All this changed when the bubble burst in 2008 and America understood that it had to live within its means and increase savings. The rest of the world was jolted to find that parking their savings by using the USD as a reserve currency might no longer be a brilliant idea. But what other currency comes close to replacing it? The euro is not accepted as currency even in some European Union countries. The SDRs created by the IMF in 1969 have the possibility of freely being used by its members, but clearly and obviously, they are not currency, nor is the IMF a bank. They are something like “paper gold”, credits that nations with balance of payment surpluses can ‘draw’ upon nations with balance of payments deficits. They are accounting transactions and, most importantly, there can be no expansion of the total amount of SDRs. They are also not available to individuals or businesses, but only to governments. All this makes replacing the USD by SDRs as reserve currency an impractical suggestion.

Besides, the USD as reserve currency offers flexibility to countries, both lenders and borrowers. The continuous expansion of dollars in circulation has enabled the volume of financial transactions to be many times a multiple of actual trade in goods and services. It also leads to considerable currency speculation with myriad financial products. None of these is possible with the SDR. If there is no reserve currency, countries that have stocks of important commodities can use them as ‘hard’ assets, pushing up their prices and playing the market. Some commodities like oil may take the place of the USD if another reserve currency does not replace it. Opec, and certainly Venezuela under Hugo Chavez, will like nothing better.

But for that to happen, the strength of the USD, real or perceived, has to be seen to have become drastically less, and there is a Catch-22 in this. No matter what their long-term ambition is, countries holding USD assets, foremost among them China, cannot but ensure that the USD value remains intact, as if the apple cart is upset, their own interests will be damaged. A switch from the USD to any other reserve currency is improbable until such time as international USD holdings come down, a process that has to be slow and gradual, and a path that will have to be trod gingerly and with finesse.

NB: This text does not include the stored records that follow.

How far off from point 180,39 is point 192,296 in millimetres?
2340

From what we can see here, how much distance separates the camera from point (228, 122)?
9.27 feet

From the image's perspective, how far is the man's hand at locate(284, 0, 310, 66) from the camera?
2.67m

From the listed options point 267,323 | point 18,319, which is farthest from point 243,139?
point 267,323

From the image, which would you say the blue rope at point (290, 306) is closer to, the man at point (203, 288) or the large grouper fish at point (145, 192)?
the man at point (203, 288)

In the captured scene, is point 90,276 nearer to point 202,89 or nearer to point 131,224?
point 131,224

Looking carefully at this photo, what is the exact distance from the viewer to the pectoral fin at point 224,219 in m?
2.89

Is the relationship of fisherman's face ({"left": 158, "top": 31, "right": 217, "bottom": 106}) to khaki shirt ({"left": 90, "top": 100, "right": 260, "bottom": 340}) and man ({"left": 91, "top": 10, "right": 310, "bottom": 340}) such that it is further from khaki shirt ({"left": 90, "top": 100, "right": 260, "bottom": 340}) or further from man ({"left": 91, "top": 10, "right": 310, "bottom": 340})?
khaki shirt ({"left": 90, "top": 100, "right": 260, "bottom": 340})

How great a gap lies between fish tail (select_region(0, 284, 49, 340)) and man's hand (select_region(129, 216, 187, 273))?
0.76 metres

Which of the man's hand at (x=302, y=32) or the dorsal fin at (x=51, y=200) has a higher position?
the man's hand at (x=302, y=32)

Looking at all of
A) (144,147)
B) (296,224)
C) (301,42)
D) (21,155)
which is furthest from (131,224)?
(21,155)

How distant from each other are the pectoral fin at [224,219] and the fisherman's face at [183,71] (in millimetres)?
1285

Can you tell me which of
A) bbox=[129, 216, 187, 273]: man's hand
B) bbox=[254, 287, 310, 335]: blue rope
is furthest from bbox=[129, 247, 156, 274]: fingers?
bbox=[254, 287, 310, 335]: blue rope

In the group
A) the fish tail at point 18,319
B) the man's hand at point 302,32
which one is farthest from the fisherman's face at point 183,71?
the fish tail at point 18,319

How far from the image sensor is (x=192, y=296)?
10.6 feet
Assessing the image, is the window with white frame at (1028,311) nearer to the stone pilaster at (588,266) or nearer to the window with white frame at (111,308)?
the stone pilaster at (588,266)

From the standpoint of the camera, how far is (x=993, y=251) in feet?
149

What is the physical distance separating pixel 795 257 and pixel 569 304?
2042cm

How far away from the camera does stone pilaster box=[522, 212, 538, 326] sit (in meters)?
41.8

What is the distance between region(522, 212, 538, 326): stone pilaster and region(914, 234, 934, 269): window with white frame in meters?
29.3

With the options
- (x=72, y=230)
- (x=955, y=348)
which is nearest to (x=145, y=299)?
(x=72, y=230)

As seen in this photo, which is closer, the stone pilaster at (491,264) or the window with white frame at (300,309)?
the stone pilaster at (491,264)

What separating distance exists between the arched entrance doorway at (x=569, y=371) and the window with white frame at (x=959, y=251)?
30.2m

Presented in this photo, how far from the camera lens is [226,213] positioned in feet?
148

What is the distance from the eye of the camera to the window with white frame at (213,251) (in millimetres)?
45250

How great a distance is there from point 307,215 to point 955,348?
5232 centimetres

Of course, there will be imponderables, largely political developments. But until such time as China and other emerging economies take on ger roles in global economic forums and alter the world order assertively and not just tangentially, the value of the USD and perceptions of global market and economic risks will continue to be inversely correlated: as risk aversion increases, the value of the USD will appreciate against other currencies for global investors  will keep seeking the safety of the greenback. As risk appetite increases, however, and investors take bets on other global markets (mainly emerging economies), the USD will depreciate. 

Data on the composition of foreign exchange reserves show that for over 30 years, the share of the USD in central bank reserves has never fallen below 50 per cent. Before the euro came into being in 1998, the German deutschmark and other European legacy currencies accounted for about 18 per cent of these reserves, and the Japanese yen for 9 per cent. The dollar, even today, accounts for about 62 per cent of all central bank reserves; the euro amounts to about 28 per cent, and the yen accounts for a paltry 3 per cent. So the USD may no longer be king, but there is no one else near the throne. The “almighty” has merely shed some flab.